* Supplied records *
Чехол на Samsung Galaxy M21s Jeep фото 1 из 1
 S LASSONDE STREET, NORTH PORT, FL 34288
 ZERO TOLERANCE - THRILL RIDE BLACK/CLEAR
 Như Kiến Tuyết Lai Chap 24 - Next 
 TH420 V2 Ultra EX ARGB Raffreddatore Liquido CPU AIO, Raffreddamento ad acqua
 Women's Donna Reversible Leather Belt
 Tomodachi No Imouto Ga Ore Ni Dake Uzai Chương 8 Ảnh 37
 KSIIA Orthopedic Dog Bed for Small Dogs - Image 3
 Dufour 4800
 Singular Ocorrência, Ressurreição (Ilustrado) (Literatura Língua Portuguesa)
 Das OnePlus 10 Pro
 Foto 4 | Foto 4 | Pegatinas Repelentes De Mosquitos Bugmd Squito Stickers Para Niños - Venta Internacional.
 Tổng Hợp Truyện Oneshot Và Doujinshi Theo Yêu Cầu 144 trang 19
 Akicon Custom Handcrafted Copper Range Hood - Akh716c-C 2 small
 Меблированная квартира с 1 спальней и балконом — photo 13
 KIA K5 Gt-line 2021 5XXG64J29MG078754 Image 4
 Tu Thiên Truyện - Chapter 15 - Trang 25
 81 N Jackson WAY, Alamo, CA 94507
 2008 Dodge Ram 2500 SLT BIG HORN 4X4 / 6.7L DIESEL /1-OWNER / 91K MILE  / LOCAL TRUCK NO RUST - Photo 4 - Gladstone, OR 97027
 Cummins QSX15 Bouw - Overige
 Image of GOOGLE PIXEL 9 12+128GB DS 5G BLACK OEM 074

* Exercise *
If a line of the data contains the word "Truyện", it counts toward the total; state that total alone.

* Solution *
2